▸ TASK TO CARRY OUT: Please print the entries below exactly, from the line with "If you have" through the line with "Creating a warm", including both of those lines and leaving out all others.

▸ THE RECORDS:
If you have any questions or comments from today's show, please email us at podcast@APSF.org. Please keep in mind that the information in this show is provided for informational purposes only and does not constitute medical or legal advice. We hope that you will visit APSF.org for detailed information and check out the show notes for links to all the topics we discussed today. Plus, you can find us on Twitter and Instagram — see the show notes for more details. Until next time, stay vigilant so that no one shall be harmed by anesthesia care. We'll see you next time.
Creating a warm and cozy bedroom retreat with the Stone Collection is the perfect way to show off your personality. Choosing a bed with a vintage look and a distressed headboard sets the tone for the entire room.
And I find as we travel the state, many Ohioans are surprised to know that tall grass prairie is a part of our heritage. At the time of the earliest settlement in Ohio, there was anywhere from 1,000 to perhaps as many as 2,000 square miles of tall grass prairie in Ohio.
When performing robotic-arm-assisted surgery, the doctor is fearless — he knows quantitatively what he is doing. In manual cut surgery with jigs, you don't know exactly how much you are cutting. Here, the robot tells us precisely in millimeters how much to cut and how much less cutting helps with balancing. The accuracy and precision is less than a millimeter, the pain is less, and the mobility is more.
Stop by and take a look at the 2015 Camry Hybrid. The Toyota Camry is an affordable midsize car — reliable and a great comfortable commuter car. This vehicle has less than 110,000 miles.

...

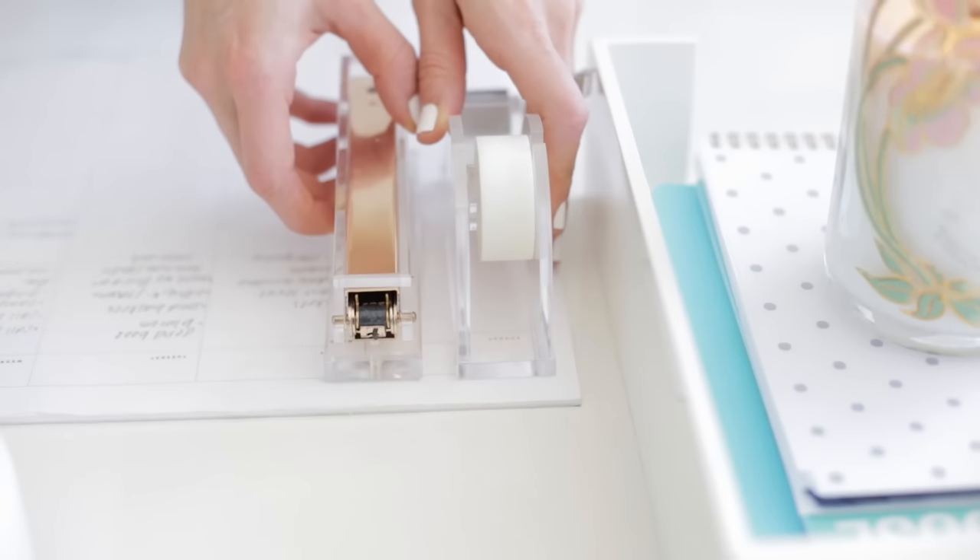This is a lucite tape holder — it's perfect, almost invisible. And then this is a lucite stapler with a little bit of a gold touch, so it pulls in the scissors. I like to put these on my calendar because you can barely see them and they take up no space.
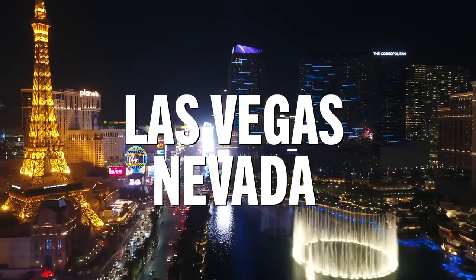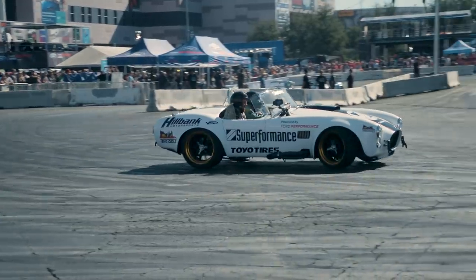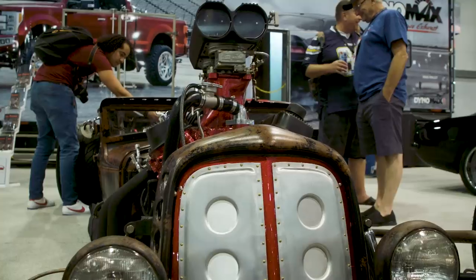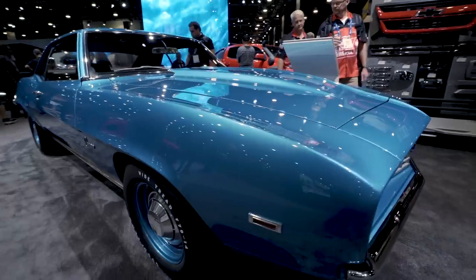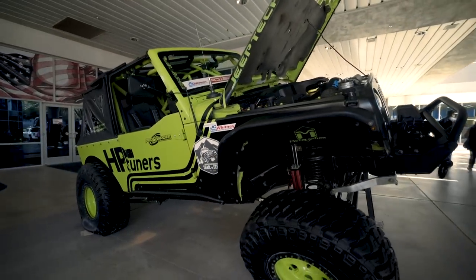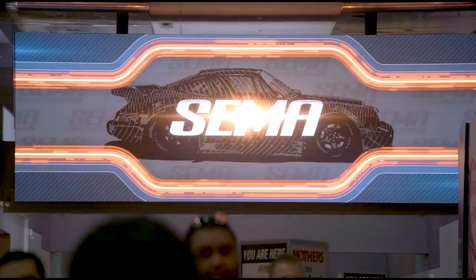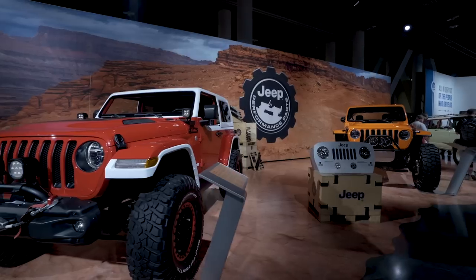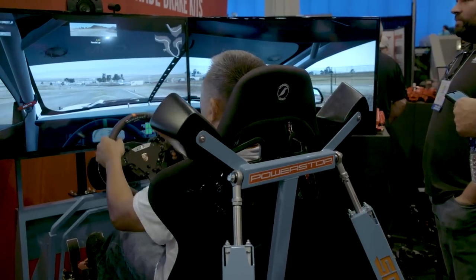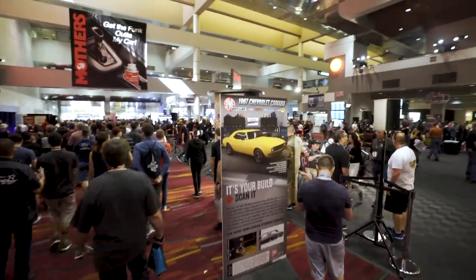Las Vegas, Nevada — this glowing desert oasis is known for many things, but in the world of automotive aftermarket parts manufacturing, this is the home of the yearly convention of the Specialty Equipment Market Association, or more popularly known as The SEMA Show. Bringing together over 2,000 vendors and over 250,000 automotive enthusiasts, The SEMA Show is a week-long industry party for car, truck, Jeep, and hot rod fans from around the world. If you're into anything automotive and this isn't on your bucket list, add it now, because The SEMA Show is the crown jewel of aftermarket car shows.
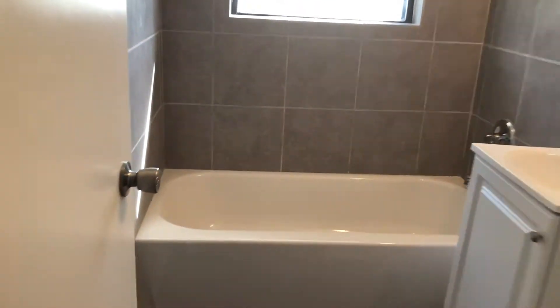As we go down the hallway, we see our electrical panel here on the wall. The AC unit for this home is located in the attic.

▸ EXERCISE ANSWER:
If you have any questions or comments from today's show, please email us at podcast@APSF.org. Please keep in mind that the information in this show is provided for informational purposes only and does not constitute medical or legal advice. We hope that you will visit APSF.org for detailed information and check out the show notes for links to all the topics we discussed today. Plus, you can find us on Twitter and Instagram — see the show notes for more details. Until next time, stay vigilant so that no one shall be harmed by anesthesia care. We'll see you next time.
Creating a warm and cozy bedroom retreat with the Stone Collection is the perfect way to show off your personality. Choosing a bed with a vintage look and a distressed headboard sets the tone for the entire room.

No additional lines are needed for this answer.